● **Required work**
Take the entries below and print only the lines from the one with "黒のイブニングドレス2025 気質とテール誕生日と成人式夏 moncheryl.com" through the one with "XR Brands CleanStream", exactly as they stand, both ends included.

⁂

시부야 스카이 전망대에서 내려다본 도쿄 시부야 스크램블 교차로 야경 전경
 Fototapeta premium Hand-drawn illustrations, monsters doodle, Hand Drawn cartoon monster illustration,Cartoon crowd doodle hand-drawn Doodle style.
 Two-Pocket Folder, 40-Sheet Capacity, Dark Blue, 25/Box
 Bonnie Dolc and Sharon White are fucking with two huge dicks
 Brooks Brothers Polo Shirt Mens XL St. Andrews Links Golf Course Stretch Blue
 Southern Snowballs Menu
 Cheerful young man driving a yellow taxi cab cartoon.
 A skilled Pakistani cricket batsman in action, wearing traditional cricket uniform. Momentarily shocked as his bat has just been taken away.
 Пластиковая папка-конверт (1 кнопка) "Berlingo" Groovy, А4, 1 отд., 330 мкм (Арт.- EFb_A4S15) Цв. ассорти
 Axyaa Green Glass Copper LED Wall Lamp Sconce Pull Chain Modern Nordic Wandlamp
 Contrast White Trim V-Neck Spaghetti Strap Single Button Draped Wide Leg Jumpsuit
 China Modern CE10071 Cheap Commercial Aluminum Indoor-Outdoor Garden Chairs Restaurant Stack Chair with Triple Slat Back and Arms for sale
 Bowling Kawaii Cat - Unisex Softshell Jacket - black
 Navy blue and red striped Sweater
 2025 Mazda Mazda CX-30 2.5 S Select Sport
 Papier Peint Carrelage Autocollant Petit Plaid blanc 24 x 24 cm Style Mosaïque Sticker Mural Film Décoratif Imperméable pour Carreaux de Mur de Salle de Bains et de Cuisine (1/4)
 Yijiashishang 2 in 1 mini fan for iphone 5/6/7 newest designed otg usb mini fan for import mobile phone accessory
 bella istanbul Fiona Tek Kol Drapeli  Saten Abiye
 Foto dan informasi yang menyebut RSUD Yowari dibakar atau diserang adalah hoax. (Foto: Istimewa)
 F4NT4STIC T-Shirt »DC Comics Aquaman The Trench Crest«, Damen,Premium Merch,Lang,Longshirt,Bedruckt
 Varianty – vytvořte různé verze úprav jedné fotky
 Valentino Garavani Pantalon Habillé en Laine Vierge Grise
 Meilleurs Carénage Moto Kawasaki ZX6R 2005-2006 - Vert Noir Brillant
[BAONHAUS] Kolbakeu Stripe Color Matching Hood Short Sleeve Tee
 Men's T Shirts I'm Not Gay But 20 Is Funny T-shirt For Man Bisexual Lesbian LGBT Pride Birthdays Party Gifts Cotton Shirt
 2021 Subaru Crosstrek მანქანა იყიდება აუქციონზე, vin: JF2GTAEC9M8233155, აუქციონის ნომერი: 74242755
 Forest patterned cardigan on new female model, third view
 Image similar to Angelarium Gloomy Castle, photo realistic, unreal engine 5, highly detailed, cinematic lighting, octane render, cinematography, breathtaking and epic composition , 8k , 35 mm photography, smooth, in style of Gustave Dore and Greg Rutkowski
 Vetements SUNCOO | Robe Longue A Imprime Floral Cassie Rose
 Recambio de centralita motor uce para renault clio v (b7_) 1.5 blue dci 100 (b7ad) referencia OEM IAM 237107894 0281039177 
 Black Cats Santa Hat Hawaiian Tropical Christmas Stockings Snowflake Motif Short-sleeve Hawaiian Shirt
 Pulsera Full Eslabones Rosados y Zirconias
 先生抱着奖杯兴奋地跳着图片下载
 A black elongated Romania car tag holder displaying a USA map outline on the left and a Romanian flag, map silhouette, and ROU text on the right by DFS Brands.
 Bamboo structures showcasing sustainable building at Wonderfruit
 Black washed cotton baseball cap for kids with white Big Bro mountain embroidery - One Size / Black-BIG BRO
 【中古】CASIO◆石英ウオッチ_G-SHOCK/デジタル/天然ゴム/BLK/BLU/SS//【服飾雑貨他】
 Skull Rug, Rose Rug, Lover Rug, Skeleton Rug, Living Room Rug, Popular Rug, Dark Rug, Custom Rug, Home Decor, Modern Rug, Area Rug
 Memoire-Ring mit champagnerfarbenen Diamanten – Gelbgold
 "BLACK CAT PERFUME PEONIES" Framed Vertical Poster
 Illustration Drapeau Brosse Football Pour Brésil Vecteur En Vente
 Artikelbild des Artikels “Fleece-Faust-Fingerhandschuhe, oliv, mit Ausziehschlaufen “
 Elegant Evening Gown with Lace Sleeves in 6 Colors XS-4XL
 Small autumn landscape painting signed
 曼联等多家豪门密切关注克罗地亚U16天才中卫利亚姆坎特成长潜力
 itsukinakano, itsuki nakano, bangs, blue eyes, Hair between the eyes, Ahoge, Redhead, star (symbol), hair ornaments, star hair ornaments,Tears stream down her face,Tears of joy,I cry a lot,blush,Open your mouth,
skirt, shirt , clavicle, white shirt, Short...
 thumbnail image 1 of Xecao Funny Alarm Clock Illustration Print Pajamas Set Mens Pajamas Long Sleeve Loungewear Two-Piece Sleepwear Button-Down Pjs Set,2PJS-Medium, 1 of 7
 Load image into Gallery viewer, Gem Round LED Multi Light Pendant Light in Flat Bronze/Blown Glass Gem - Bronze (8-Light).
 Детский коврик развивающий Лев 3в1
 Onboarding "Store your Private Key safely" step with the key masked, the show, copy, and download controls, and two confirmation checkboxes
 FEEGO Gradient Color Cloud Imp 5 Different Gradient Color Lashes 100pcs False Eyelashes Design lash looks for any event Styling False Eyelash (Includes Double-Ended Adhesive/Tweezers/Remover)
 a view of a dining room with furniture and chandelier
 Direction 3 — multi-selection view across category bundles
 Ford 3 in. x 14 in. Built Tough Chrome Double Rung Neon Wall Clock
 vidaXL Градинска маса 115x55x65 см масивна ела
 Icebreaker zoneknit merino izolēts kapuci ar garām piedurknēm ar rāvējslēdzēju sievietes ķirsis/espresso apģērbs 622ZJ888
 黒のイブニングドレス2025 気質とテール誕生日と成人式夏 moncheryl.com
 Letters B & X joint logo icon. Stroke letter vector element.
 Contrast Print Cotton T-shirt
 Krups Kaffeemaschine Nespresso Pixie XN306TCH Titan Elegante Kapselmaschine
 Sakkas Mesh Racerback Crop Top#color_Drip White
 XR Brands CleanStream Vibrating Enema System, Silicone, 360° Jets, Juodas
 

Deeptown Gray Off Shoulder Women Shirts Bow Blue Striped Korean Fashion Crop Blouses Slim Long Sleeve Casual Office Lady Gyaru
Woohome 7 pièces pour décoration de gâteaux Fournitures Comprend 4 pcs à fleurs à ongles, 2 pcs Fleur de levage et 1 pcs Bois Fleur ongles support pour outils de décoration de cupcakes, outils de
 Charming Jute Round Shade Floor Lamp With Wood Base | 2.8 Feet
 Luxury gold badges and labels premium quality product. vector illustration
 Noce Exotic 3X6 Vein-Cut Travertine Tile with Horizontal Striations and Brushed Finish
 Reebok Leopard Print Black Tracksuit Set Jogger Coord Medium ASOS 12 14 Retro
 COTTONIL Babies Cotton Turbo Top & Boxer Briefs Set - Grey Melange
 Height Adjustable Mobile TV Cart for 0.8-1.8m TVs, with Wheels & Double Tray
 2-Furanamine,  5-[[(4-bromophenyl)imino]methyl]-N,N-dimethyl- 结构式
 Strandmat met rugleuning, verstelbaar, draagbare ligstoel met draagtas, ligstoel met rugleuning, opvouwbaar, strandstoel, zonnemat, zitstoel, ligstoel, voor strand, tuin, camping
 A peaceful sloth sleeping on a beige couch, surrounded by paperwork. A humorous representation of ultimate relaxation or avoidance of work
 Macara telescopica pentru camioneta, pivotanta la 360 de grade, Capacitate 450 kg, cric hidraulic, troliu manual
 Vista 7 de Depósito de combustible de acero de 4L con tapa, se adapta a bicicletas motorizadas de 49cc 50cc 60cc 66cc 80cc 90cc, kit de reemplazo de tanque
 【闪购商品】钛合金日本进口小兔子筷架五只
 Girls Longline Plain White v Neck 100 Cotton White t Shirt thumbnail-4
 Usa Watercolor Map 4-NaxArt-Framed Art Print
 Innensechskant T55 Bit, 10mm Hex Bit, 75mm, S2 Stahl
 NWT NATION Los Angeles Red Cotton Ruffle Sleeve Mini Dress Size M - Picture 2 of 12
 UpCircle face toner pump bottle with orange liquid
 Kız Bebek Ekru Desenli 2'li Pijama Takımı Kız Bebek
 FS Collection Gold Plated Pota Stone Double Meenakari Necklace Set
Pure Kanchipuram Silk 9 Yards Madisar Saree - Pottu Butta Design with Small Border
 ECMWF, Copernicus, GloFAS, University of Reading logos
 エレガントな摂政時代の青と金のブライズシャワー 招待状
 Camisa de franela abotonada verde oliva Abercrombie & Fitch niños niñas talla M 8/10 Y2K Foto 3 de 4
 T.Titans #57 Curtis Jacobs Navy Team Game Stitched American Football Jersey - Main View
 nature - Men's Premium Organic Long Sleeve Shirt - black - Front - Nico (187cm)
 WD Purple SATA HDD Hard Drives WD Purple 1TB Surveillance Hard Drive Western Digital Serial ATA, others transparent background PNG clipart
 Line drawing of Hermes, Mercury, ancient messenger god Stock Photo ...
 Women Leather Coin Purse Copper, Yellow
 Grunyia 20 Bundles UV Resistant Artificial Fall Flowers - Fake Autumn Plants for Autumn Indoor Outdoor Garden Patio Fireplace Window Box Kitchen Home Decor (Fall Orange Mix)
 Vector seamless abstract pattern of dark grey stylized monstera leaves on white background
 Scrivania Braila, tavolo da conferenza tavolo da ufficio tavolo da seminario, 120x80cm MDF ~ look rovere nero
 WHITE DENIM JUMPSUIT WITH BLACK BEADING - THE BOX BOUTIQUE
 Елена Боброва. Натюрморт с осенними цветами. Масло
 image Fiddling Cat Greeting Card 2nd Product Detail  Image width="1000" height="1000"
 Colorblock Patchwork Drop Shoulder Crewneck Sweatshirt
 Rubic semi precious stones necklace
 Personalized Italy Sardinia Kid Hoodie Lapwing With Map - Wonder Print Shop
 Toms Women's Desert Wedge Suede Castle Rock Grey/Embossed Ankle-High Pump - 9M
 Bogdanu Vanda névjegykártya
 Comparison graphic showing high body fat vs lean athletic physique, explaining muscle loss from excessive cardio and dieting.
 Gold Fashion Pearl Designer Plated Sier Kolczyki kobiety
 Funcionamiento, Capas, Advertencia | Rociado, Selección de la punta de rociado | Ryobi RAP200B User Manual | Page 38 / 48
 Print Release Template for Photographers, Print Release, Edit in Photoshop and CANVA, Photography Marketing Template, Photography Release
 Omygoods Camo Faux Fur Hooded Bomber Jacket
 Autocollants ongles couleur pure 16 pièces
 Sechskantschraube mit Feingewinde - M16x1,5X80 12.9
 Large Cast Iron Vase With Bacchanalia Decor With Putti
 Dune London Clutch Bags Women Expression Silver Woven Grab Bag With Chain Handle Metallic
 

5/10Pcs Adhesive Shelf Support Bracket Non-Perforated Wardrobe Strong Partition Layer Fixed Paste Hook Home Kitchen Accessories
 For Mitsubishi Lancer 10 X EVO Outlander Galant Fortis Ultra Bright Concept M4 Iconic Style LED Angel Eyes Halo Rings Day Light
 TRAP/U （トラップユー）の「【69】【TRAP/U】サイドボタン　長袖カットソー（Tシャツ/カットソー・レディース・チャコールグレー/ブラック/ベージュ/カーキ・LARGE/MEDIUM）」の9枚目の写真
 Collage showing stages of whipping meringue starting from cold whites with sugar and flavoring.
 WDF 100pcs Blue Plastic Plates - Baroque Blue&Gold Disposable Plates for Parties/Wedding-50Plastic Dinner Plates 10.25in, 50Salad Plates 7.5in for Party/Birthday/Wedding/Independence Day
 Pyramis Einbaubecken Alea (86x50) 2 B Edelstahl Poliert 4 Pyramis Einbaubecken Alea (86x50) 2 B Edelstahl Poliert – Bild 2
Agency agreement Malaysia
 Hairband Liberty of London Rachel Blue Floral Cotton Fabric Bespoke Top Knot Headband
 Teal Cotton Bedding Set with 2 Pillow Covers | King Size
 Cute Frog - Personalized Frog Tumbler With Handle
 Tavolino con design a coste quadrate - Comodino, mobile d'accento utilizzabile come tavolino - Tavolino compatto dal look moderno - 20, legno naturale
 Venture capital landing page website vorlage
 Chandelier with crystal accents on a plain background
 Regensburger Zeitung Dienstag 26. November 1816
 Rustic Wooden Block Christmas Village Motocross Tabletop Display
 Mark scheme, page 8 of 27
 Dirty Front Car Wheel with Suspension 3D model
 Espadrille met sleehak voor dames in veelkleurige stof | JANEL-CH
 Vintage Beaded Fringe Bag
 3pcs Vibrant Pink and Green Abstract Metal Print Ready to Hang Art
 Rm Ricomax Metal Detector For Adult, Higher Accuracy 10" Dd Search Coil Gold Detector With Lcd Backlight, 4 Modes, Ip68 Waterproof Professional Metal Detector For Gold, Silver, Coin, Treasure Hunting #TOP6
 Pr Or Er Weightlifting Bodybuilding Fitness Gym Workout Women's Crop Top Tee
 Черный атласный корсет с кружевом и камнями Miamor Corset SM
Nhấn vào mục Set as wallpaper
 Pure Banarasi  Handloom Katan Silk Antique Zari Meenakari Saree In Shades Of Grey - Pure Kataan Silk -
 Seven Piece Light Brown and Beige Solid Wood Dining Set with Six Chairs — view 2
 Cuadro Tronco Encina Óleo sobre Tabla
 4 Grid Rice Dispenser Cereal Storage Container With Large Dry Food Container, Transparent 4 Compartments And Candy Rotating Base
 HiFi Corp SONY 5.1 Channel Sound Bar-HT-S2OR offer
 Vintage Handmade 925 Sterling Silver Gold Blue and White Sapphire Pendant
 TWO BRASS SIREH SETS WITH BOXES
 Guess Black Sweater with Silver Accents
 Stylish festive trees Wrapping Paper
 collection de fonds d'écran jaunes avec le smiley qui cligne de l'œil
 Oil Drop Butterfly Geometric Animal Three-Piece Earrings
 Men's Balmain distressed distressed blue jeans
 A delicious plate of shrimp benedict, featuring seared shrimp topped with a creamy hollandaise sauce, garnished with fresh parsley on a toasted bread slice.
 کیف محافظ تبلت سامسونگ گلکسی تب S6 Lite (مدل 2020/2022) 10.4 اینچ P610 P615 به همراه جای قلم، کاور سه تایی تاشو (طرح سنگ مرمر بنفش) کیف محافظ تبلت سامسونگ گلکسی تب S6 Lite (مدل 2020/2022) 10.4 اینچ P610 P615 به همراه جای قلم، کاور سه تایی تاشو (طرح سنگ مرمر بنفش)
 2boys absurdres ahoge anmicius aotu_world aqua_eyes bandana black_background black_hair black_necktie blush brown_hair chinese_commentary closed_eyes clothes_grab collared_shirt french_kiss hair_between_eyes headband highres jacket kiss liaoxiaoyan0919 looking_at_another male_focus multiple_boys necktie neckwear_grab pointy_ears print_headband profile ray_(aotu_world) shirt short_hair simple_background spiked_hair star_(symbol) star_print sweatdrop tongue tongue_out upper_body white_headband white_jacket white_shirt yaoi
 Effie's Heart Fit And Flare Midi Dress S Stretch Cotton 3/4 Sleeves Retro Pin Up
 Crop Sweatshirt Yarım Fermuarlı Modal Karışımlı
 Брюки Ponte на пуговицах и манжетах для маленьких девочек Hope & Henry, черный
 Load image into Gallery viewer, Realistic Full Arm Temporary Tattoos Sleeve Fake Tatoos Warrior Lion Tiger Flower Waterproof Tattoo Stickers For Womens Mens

⁂

● **Exercise output**
 黒のイブニングドレス2025 気質とテール誕生日と成人式夏 moncheryl.com
 Letters B & X joint logo icon. Stroke letter vector element.
 Contrast Print Cotton T-shirt
 Krups Kaffeemaschine Nespresso Pixie XN306TCH Titan Elegante Kapselmaschine
 Sakkas Mesh Racerback Crop Top#color_Drip White
 XR Brands CleanStream Vibrating Enema System, Silicone, 360° Jets, Juodas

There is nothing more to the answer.